GoBigEd

Thursday, January 06, 2005


NEBRASKA BLEW IT ON MATH AND ENGLISH STANDARDS

Nebraska: The Beef State. We know that “standard” is a grade of beef “below good.” We should have known better than to impose statewide learning standards a few years ago. They’re making our formerly-great schools “below good.”

And it shows. The Fordham Foundation had two education experts take a look at the 49 states that instituted “government specs” on K-12 education – “standards” – and graded them, A-F. (Iowa is to be congratulated; it figured out that it didn’t need standards because all they would do is bring the level of quality down, not raise it.)

Well, we weren’t that smart. Nebraska’s math standards rated a “D” and our English standards got a “C.” Both were well below the national average.

You can read the full report on www.edexcellence.net, “The State of State Standards 2005.” Don’t miss the cogent commentary by language expert Sandra Stotsky on the English standards, and Cal State Northridge math professor David Klein on the math specs.

Nebraska’s English standards dropped from a “B” rating in 2000 largely because the 2001 standards, set by the State Board of Education, have “serious limitations,” according to the report.

Examples: there are no apparent expectations for vocabulary growth after fourth grade; most standards are so nebulous and vague they aren’t teachable, much less measurable; there’s a failure to show increasing difficulty from grade to grade, and there’s a total lack of acknowledgement of the substantive content of a model literature curriculum, with no suggested titles or even authors or genres mentioned at any grade level, K-12.

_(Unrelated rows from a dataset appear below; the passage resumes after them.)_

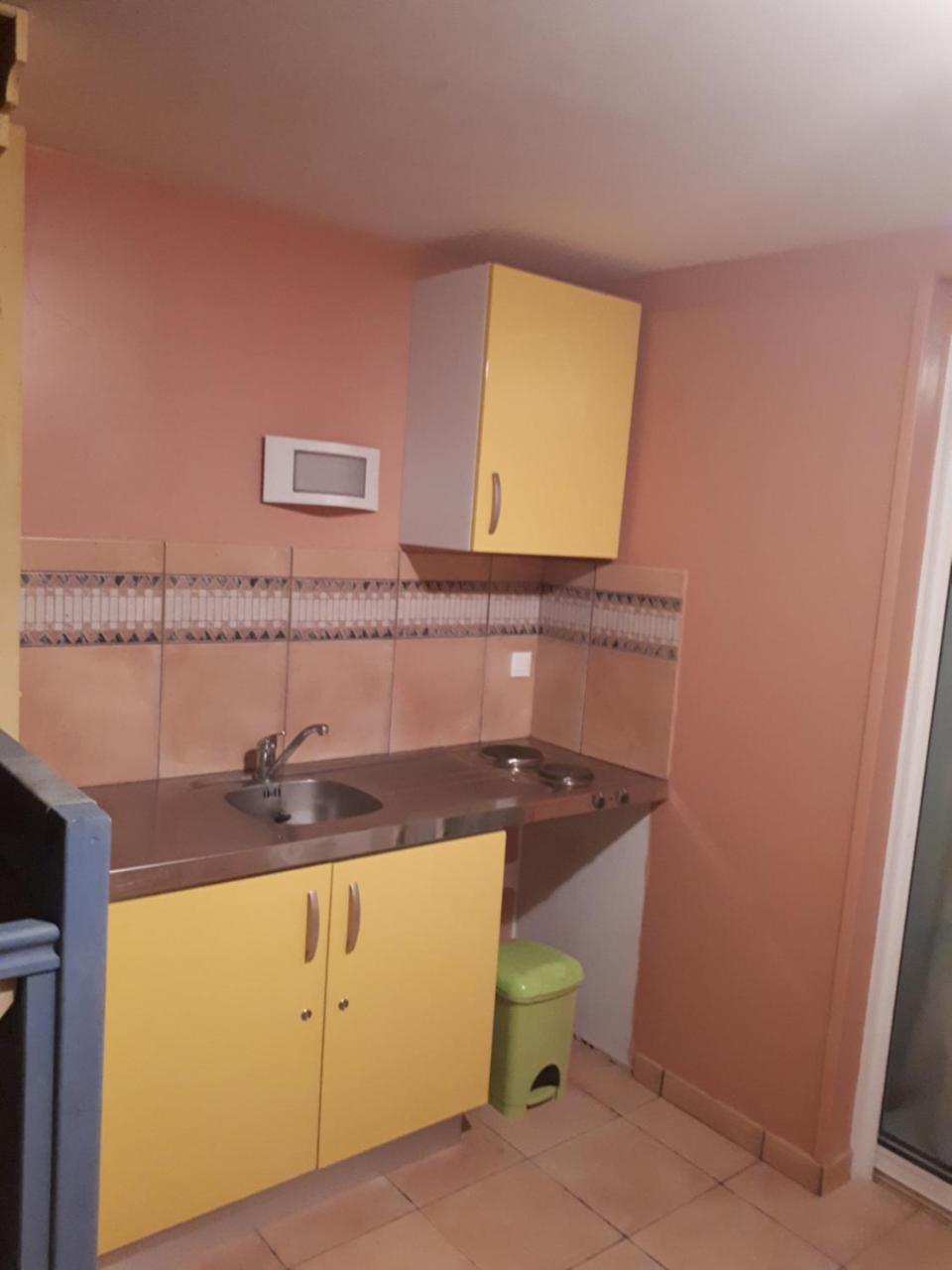 Chez Chrys Διαμέρισμα Sainte-Anne Εξωτερικό φωτογραφία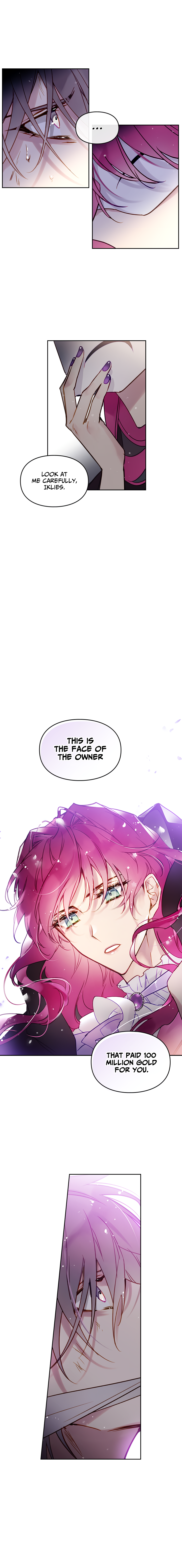 Villains Are Destined to Die Chapter 24 page 3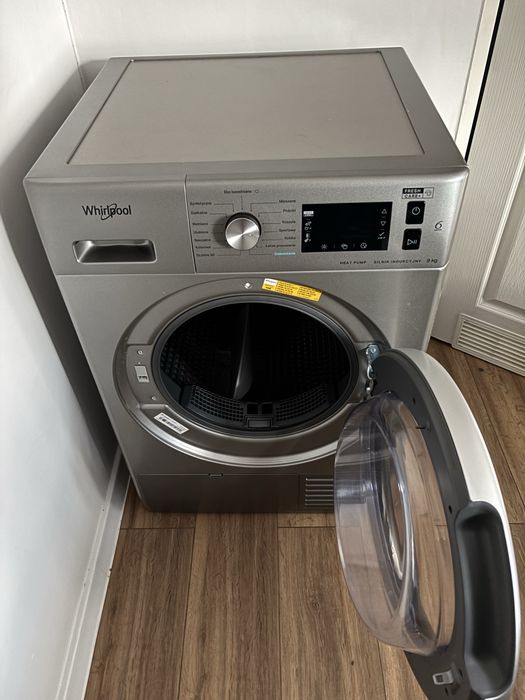 Suszarka do ubrań Whirpool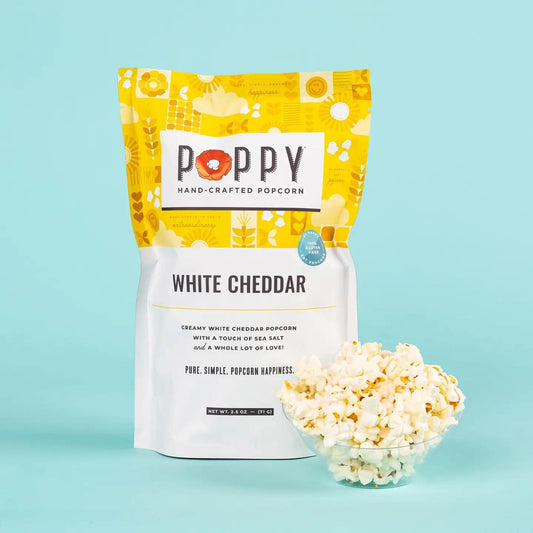 White Cheddar Popcorn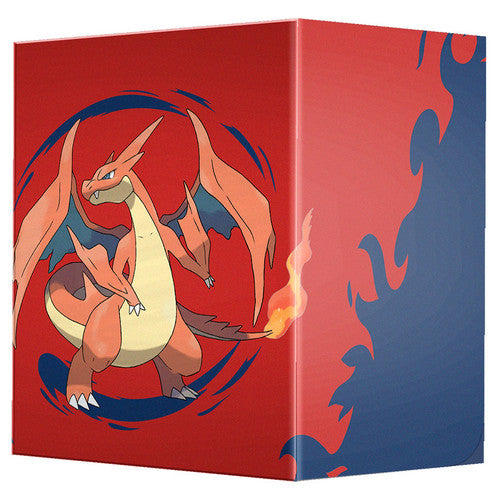 Pokémon TCG: Deck Box - Charizard Y
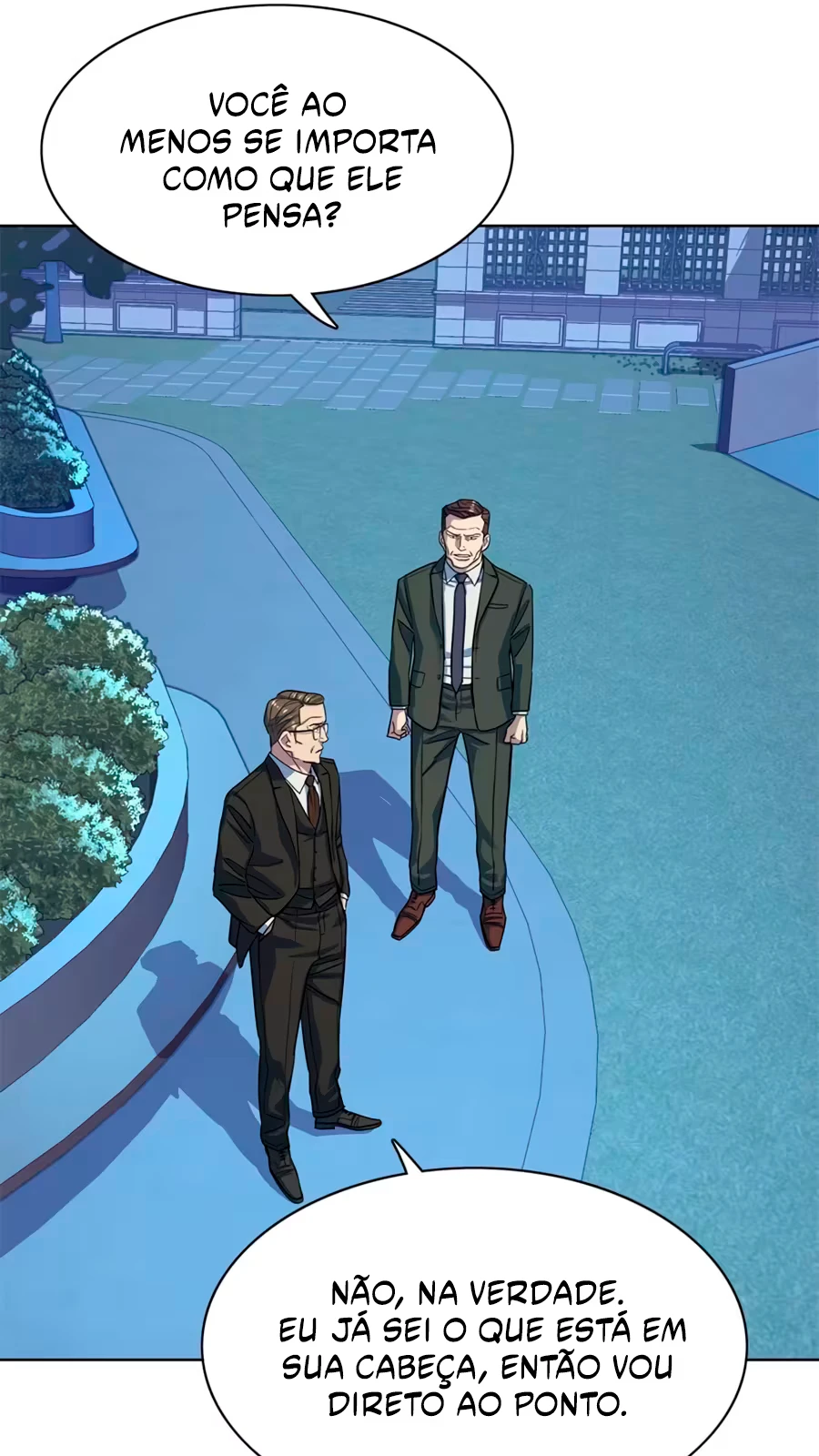 Read O Filho mais Novo dos Chaebol PT Manga Online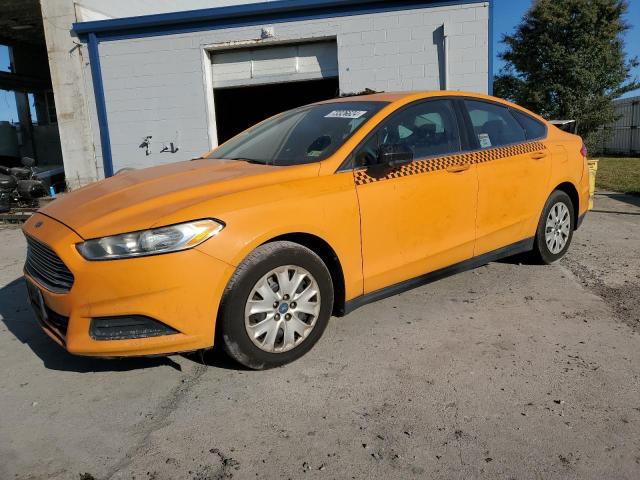 2013 Ford Fusion S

It’s as if the kids are supposedly studying English without reading or writing anything. It’d be funny if it weren’t so sad.

On the math end, the gong rings even louder. Nebraska’s taxpayer-financed math standards are called “sketchy,” “awkward and vague,” with a “heavy reliance on calculators throughout.”

Nebraska’s standards leave out the memorization of single-digit arithmetic facts, standard algorithms of arithmetic, the quadratic formula, and the Pythagorean Theorem. Nearly 40 percent of the 12th-grade math standards are given over to probability and data analysis, instead of solid calculations of algebra, geometry and trigonometry. The geometry standards were termed “peculiar,” and the standards on measurement required the kids to, well, measure, instead of do calculations in order to measure.

What should we do about this?

I’ve said it before, and I’ll say it again: throw out our statewide standards and especially the assessments we’ve put in place at great expense even though nobody wanted this system, especially not parents, teachers and taxpayers. Why not? Because they’re nonsense. But the entrenched education bureaucracy has no motivation to understand that academics is what we want, not socialized mush.

Or if we refuse to do that, then we have to start a GI Bill-style vouchers system, to give to families who choose to opt out of the public schools at least a piece of the tax funding their child would have received if they’d stayed in. Then they can use that money to send their child to the private school of their choice, where they teach real stuff, and not “standards.”

One more thing that I’ve said before, too: to prevent this kind of thing from happening, and to save our public schools, we need to pass a law STAT to make the State Education Commissioner elected, not appointed, and to give the elected State Board of Education more power over the Commissioner. Then, finally, we might have a public servant at the top who is accountable to the public, and then we could begin to rebuild our schools.